Perambulou o dia todo e acabou chegando a uma pequena clareira no
flanco de um morro, de onde podia avistar todo o país.
O Sol estava se pondo e sobre as gigantes montanhas azuis e tudo tinha
um luminoso tom róseo e dourado.
Profundas sombras cobriam as bananeiras e florestas ao longe.
Mas o menino não via nada disso. Estava com os pés doídos, exausto e
miserável; sentou-se sobre um tronco caído, cansado do longo dia.
De repente, um leão surgiu na clareira.
- O que você está fazendo aqui, tão sozinho? - perguntou o leão,
ríspido.
- Estou desolado! - disse o menino - e vim para a floresta pensar,
pois não sei se sou um homem ou um idiota.
- E é só nisso que você fica pensando?
- inquiriu o leão.
- É - respondeu o menino - penso nisso dia e noite.
- Então você é um idiota - falou o leão decidido - homens sábios
pensam sobre coisas que beneficiam o país.
E foi embora.
Um antílope veio saltando pela clareira e parou, encarando o menino.
- O que é que você está fazendo aqui? - perguntou.
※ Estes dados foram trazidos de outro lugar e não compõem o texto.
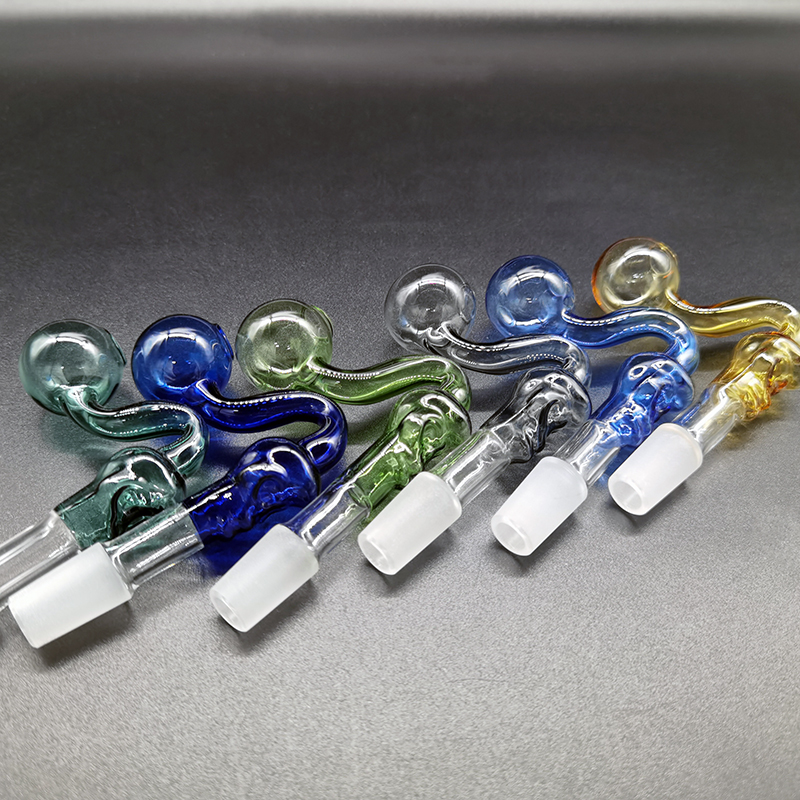 Skull Design Glass Pipe Oil Burner Transparent Colorful Thickness Curved Pyrex 14mm Male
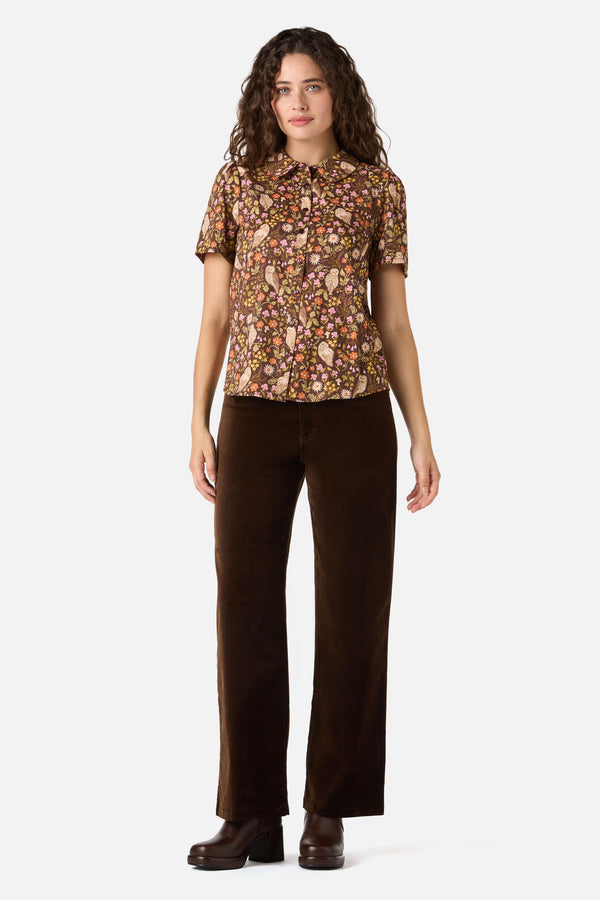 Princess Highway - Forest Owl Short Sleeve Blouse - chocolate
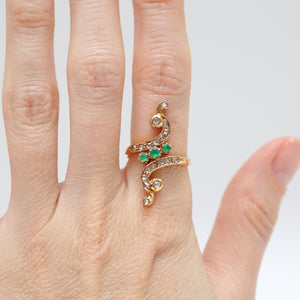 18k Rose Cut Diamond and Emerald Victorian Ring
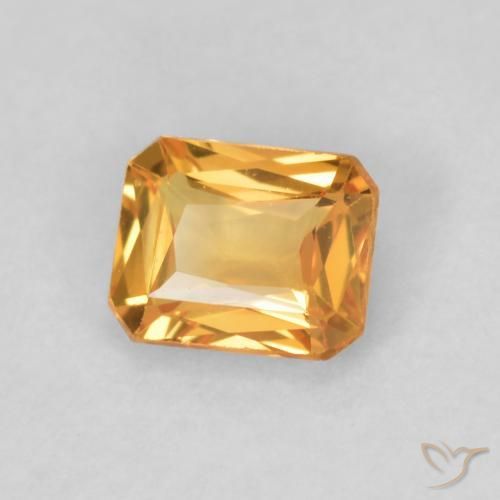Zaffiro Arancio intenso-OroG naturale da 0.48 ct, Ottagonale / Taglio smeraldo, VVS-VS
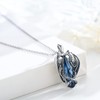 Dragon Necklace 925 Sterling Silver Winged Dragon Pendant with Blue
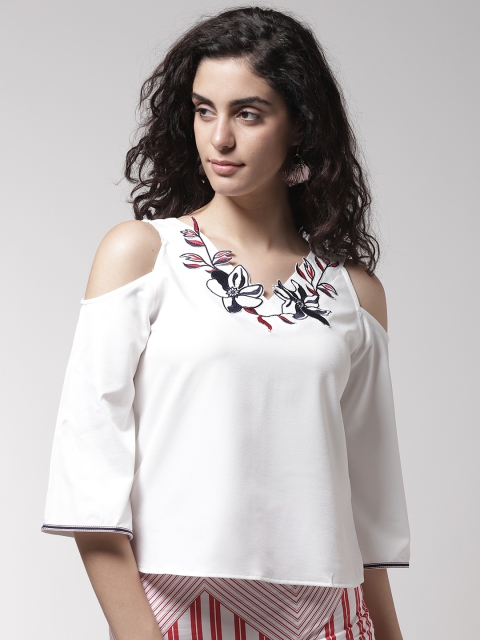 

Madame Women Off-White Solid Styled Back Top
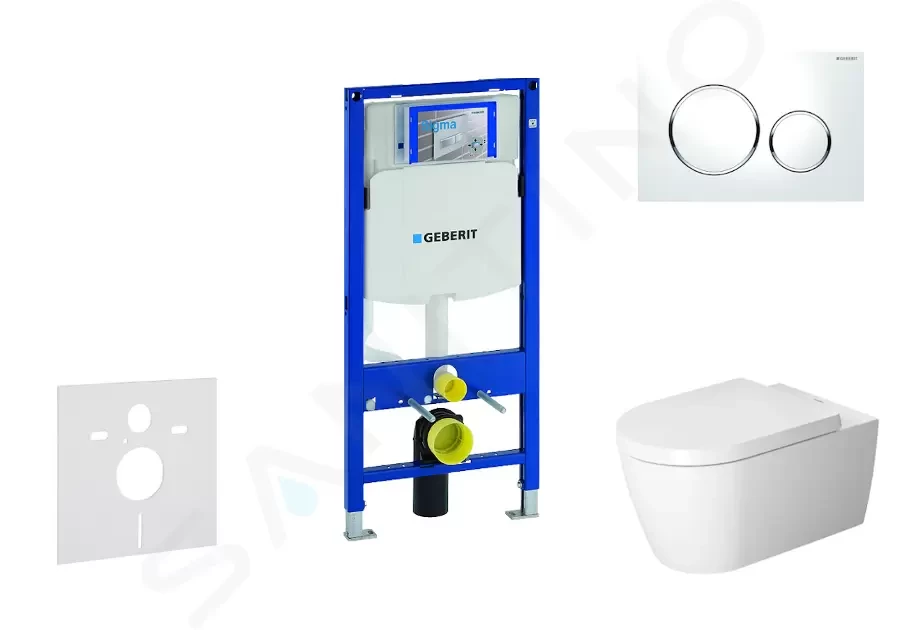 GEBERIT Duofix Modul pro závěsné WC s tlačítkem Sigma20, bílá/lesklý chrom + Duravit ME by Starck WC a sedátko, Rimless, SoftClose 111.300.00.5 NM4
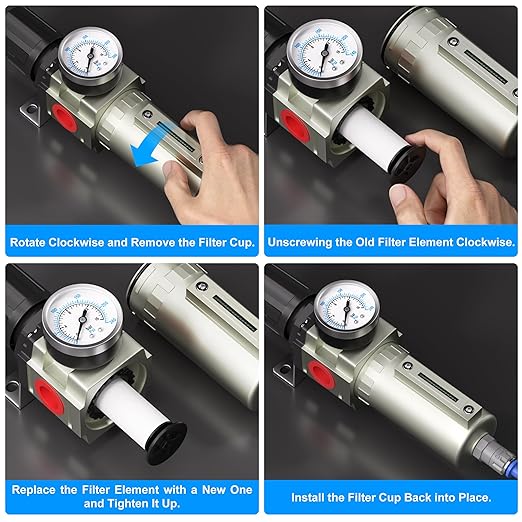 TAILONZ PNEUMATIC 0-240PSI 3/4 Inch NPT Industrial Heavy Duty Particulate Filter and Regulator, Particulate Filter, Coalescing Filter (Automatic Drainage)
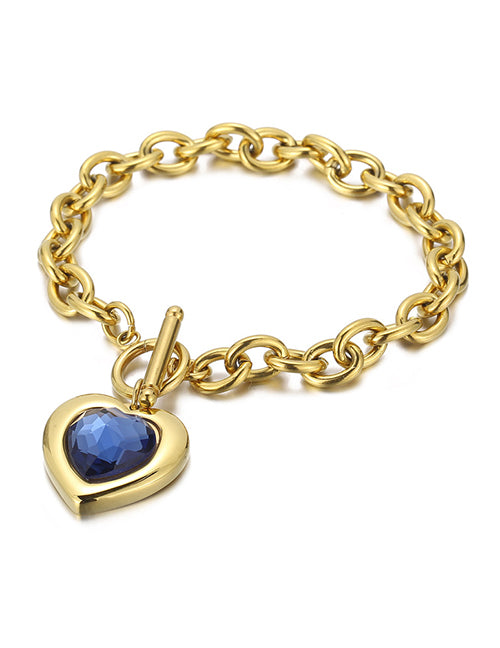 Fashion 1# Titanium Diamond Heart Ot Buckle Bracelet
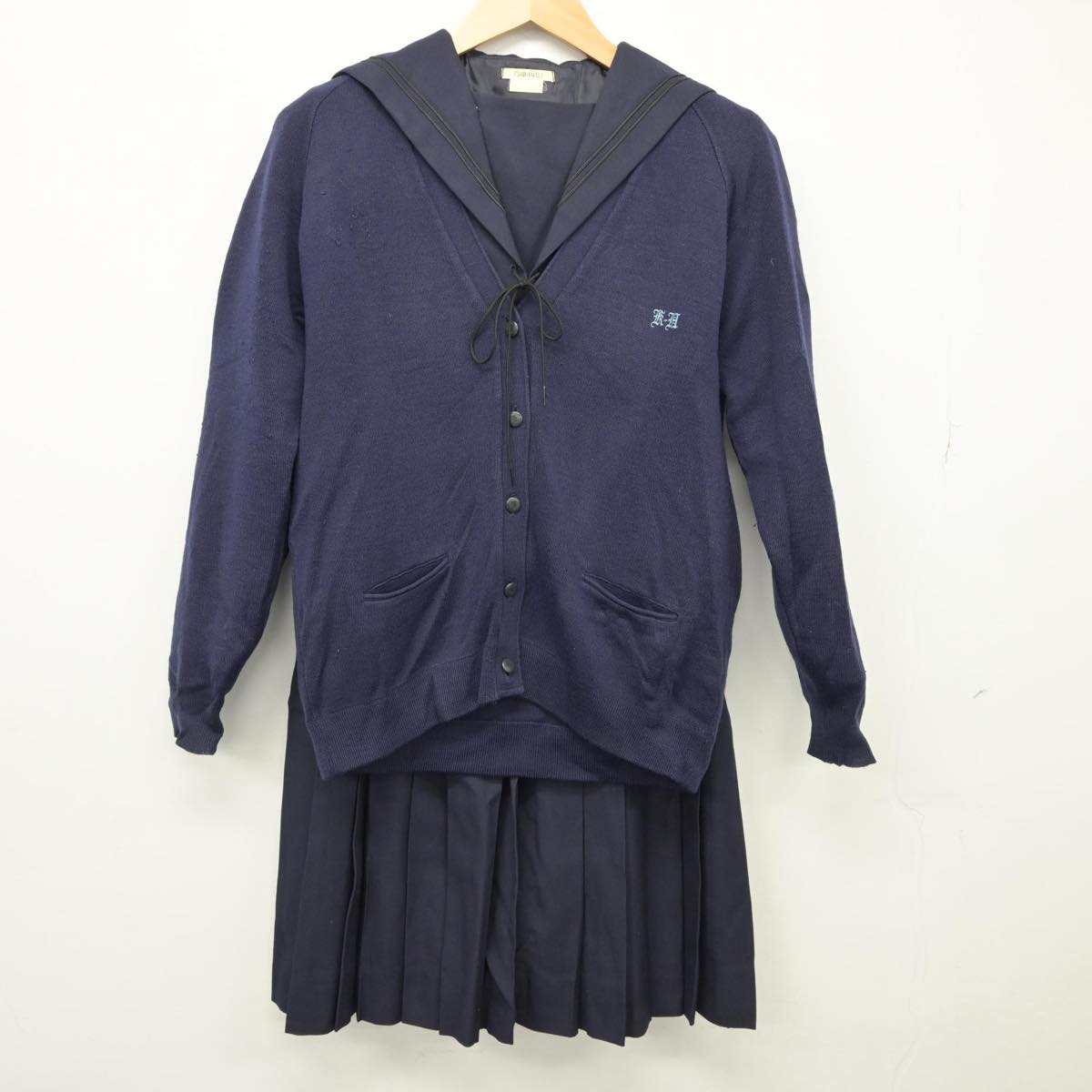 【中古】兵庫県 神戸高等学校 女子制服 4点（セーラー服・ニット・スカート）sf026981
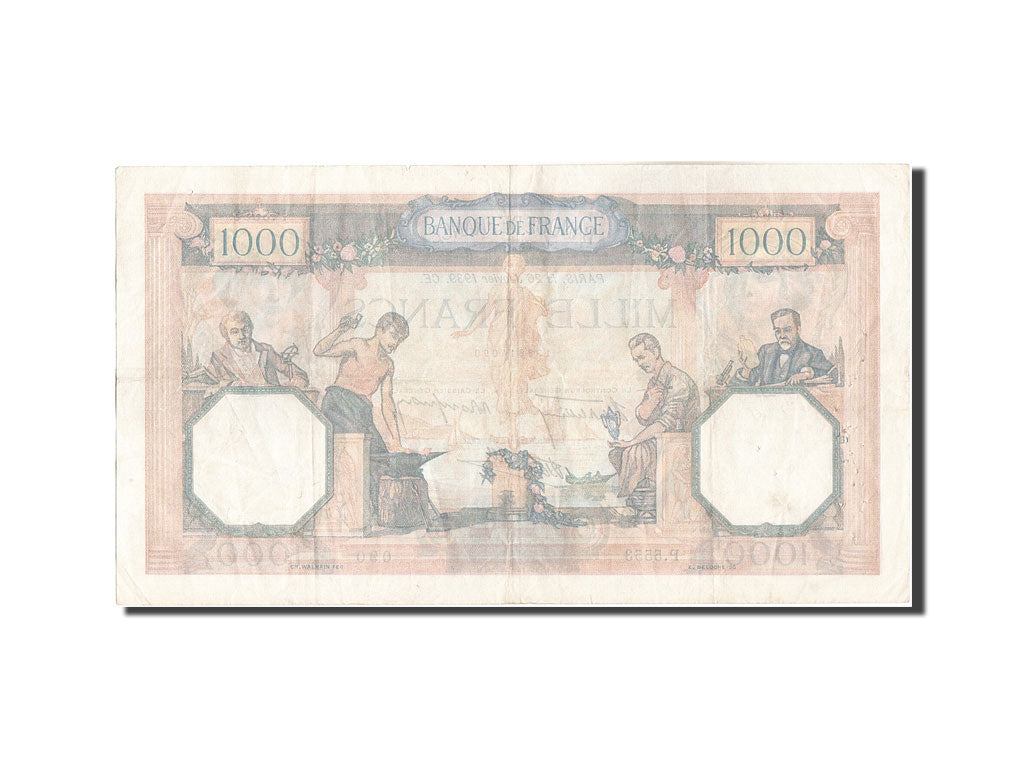 Geldschein, Frankreich, 1000 Francs, 1 000 F 1927-1940 ''Cérès et Mercure''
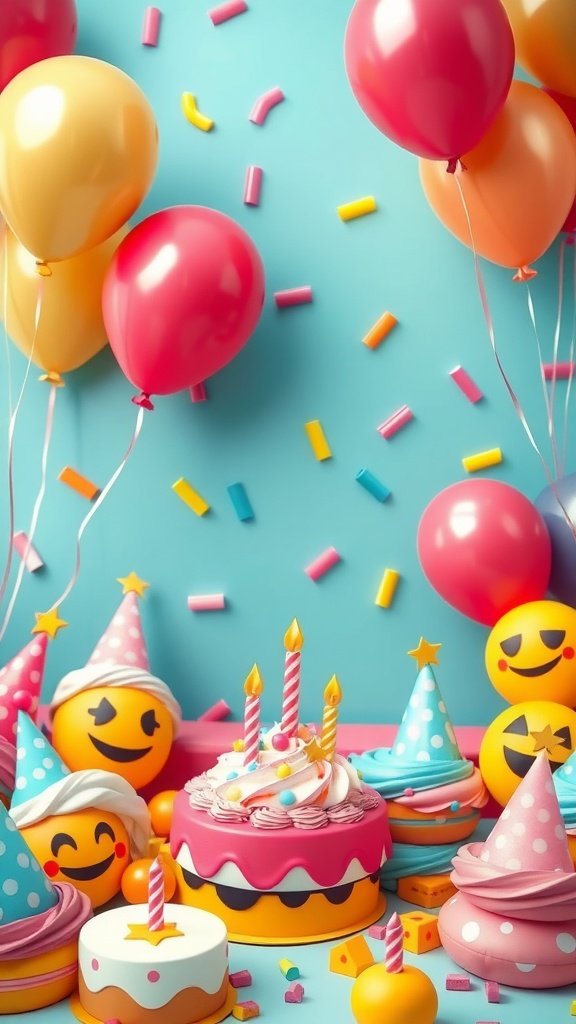 50 Fun and Creative Birthday Phone Wallpapers You’ll Love Colorful birthday scene with balloons, cake, and playful emoji decorations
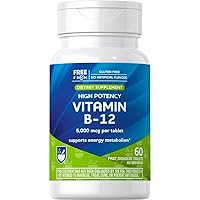 B-12 5000mcg 60 Count, Supports Energy Metabolism and Nervous System Health, for Men and Women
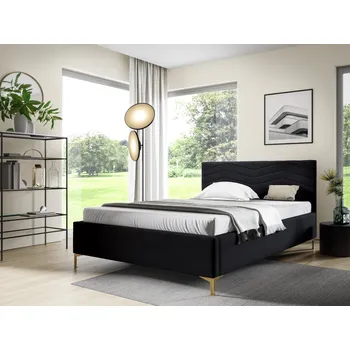 Postel Eka Čalouněná postel ANNA+ 90x200 cm Barva látky Trinity: (2316) Černá, Úložný prostor: Bez úložného prostoru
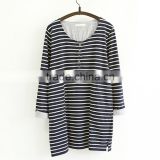 2015 Custom wholesale trendy lady classic design striped long T shirt dress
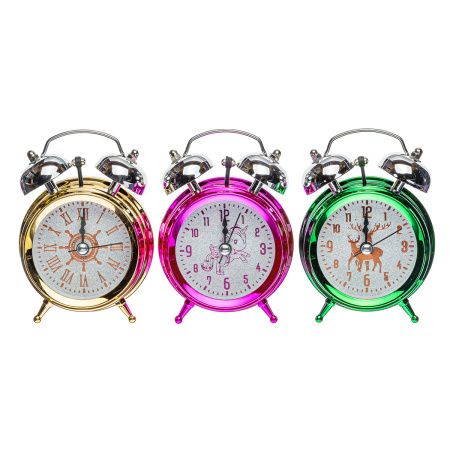 Часы Будильник колокольчик 1805 "5 цветов" 10*7*5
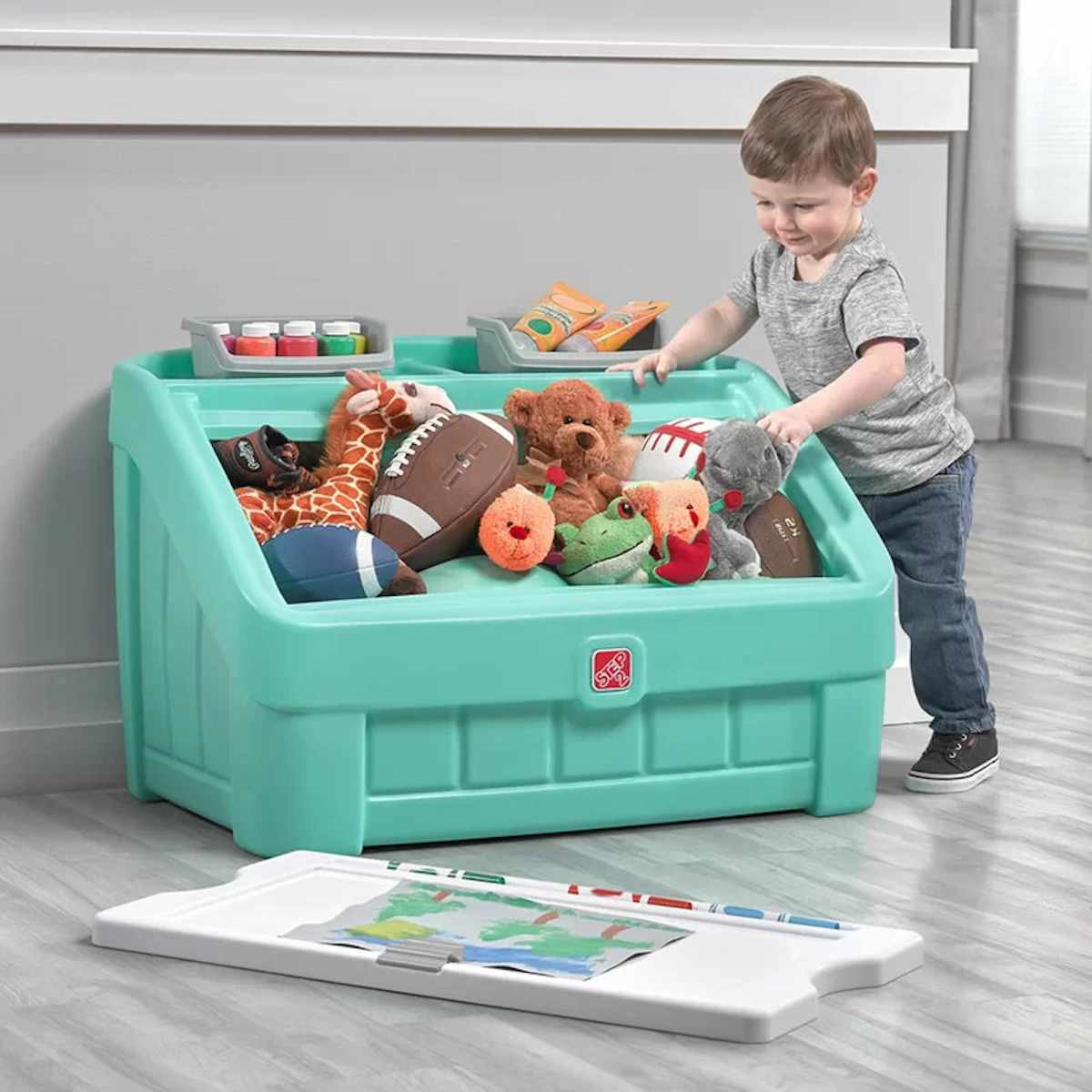 Teal deals toy box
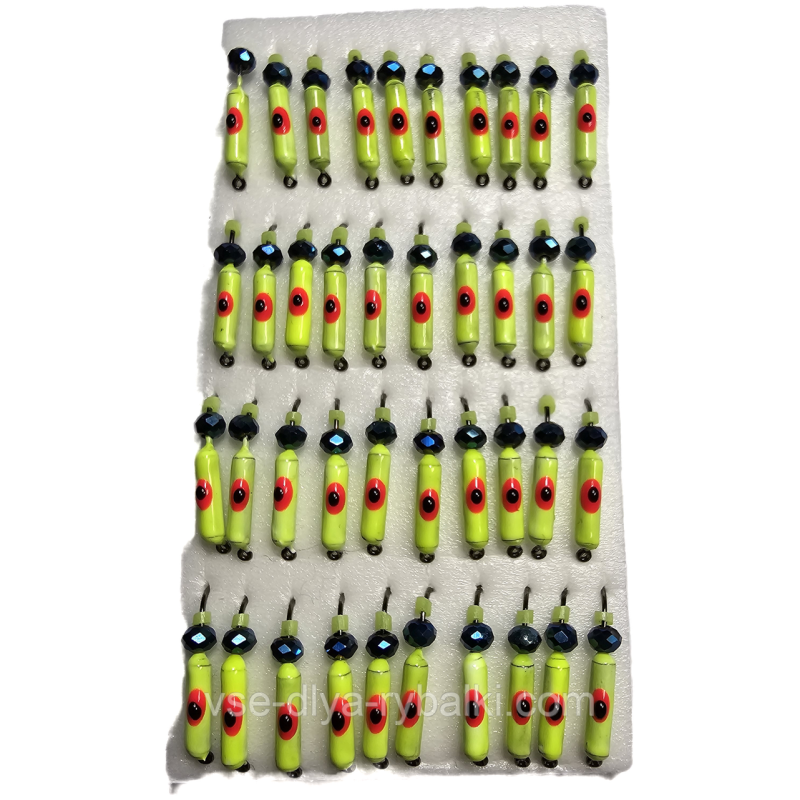 Мормишка вольфрамова салатова з червоно/чорною точкою цвяхокулька хамеліон 0,5 г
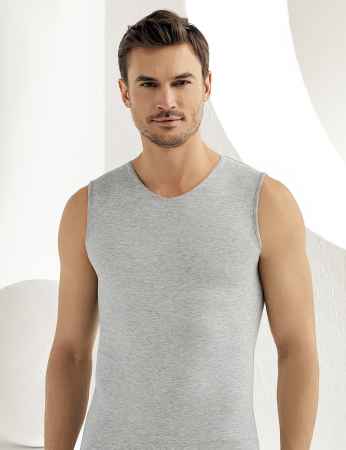 Sahinler Supreme Lycra Singlet V Neck Sleeveless Grey ME079 - Thumbnail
- Estou muito desolado - respondeu o menino - não sei se sou um homem
sábio ou um idiota.
- Você costuma comer alguma coisa?
- Sim - disse o menino - minha mãe faz comida duas vezes por dia, e
eu como.
- E você alguma vez agradece?
- Não. Nunca pensei nisso - respondeu o menino.
- Então, você é um idiota. Os homens sábios são sempre agradecidos.
E foi embora para dentro da floresta.
Então chegou um leopardo, olhando-o desconfiado.
- O que é que você está fazendo aqui? - perguntou.
- Estou muito desolado - respondeu o menino - não sei se sou um homem
sábio ou um idiota.
- Eles gostam de você, lá na aldeia?
- Não, acho que não - disse o garoto. Eu nem os conheço direito.
- Então você é um idiota - disse o leopardo - todos os meninos são
bons; muitas vezes eu tenho vontade de ser um menino.
Os homens sábios se misturam aos companheiros e conquistam seu
respeito.
E foi embora, fungando.
Nesse momento, um grande elefante cinza veio se embaralhando pela
trilha da floresta, abanando o rabinho, catando um galhinho aqui, uma
folhinha ali, das árvores por onde passava.
- O que você está fazendo aqui, sozinho, com o Sol já se pondo? Você
devia estar na sua casa, na aldeia! - falou o elefante.
- Estou desolado - disse o menino - não sei se sou um homem sábio ou
um idiota.
- Que tipos de trabalhos você faz? - perguntou o elefante.
- Eu não trabalho em nada - respondeu o menino.
- Então você é um idiota - disse o elefante - todos os homens sábios
trabalham.
E afastou-se gingando pela trilha que levava ao lago da floresta, onde
os animais matam a sede.
O menino apoiou a cabeça nas mãos e chorou amargamente, de coração
partido, pois já não sabia o que fazer.
Pouco depois, ouviu uma voz ao seu lado, dizendo gentilmente:
- Oh meu irmãozinho, não chore assim; conte-me o seu problema.
O menino viu então uma pequena lebre ao seu lado.
- Estou muito triste. Eu não sou como as outras pessoas e ninguém
gosta de mim. Vim para cá tentar descobrir se sou um homem sábio ou
idiota e todos os animais me falaram que sou idiota!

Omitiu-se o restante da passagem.